The agreement was based on three important conditions. First, the total amount that Germany had to pay would be greatly reduced. The repayment schedule should be spread out long enough for the German economy to develop. Finally, the amount to be paid each year was related to Germany`s “transfer capacity.”  It can be described as a large-scale agreement, as it has repaid almost all types of German debt before and after World War II.  One year after Germany concluded bilateral agreements to facilitate the direct return of asylum seekers to Greece and Spain, an administrative court ruled that the policy was contrary to European law. Although the court ordered the immediate return of an Afghan national from Greece to Germany, the asylum seeker is still awaiting transfer.  1 DOLLAR WAS THEN WORTH 4.2 DM. West Germany`s debt after the dismantling (DM 14.5 billion) was therefore $3.45 billion. According to the consistent case law, the distributor is entitled to damages in the event of termination of the sales contract if the legal relationship between the distributor and the company goes beyond a simple seller-buyer concept and the distributor is closely integrated into the supplier`s distribution network and the distributor is also required to provide the supplier with customer information so that the supplier can continue to use the distributor`s customer data for its own purposes.
The judgments of the German Court focus in particular on this final condition, as the decision of the Federal Court of Justice (BGH, 15.02.2015 – AZ. VII ZR 315/13) means that this article contains an analysis of Washington`s bilateral economic policy towards its allies in the context of the Cold War. Marshall Plan Plan An economic reconstruction program proposed in 1947 by U.S. Secretary of State George C. Marshall. With a budget of $12.5 billion (currently more than $80 billion) from long-term grants and loans, the Marshall Plan enabled 16 countries (including France, Britain, Italy and the Scandinavian countries) to finance their reconstruction after World War II. Its capital is provided by contributions and loans from Member States on international money markets. It has funded public and private projects in third world and Eastern European countries. It consists of several closely linked institutions, including: 1.
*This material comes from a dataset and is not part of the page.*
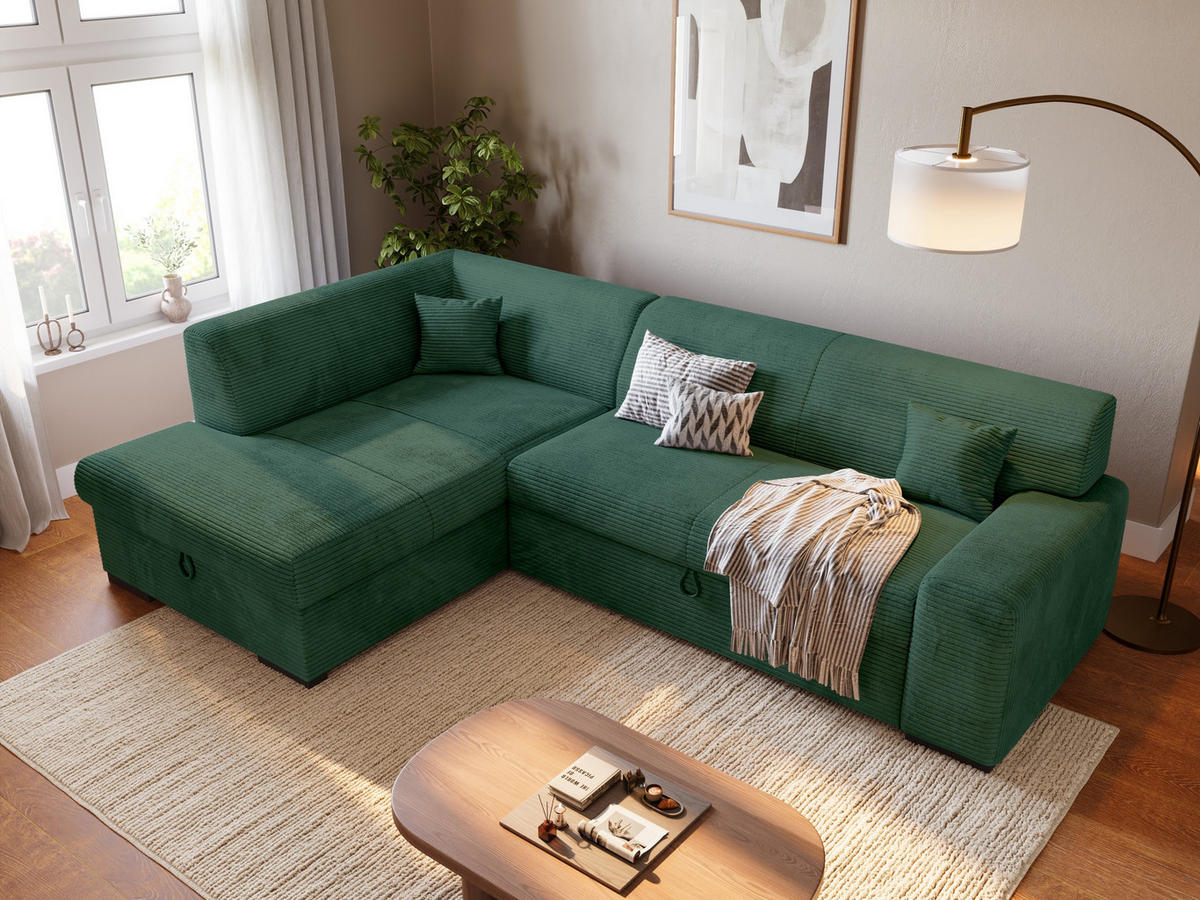 ECKSOFA mit Schlaffunktion Cordstoff MILENZO Dunkelgrün Links - Dunkelgrün, Holz (260/175cm) - Bromarkt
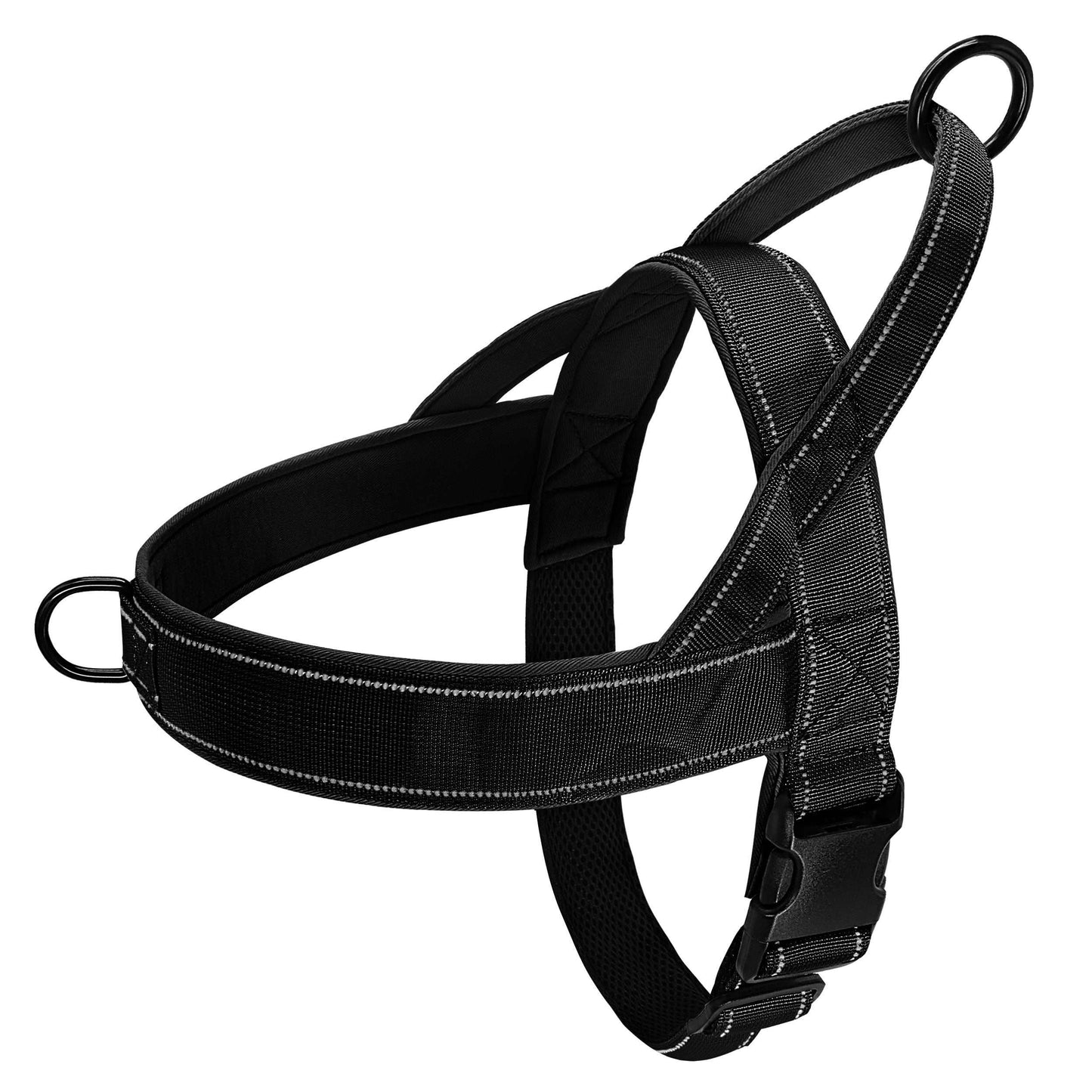 Reflective black nylon pet harness with secure fit and padded straps for comfort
The International Bank for Reconstruction and Development (IBRD, 189 members in 2017) which provides loans in productive sectors such as agriculture or energy; 2. The International Development Association (IDA, 159 members in 1997), less developed countries on long-term loans (35-40 years) at very low interest rates (1%) Granted; 3) International Finance Corporation (IFC), which provides both loans and equity to companies in developing countries. As a result of the deterioration of Third World debt, the World Bank (with the IMF) tends to take a macroeconomic perspective. For example, it imposes adjustment measures to compensate for payments from heavily indebted countries.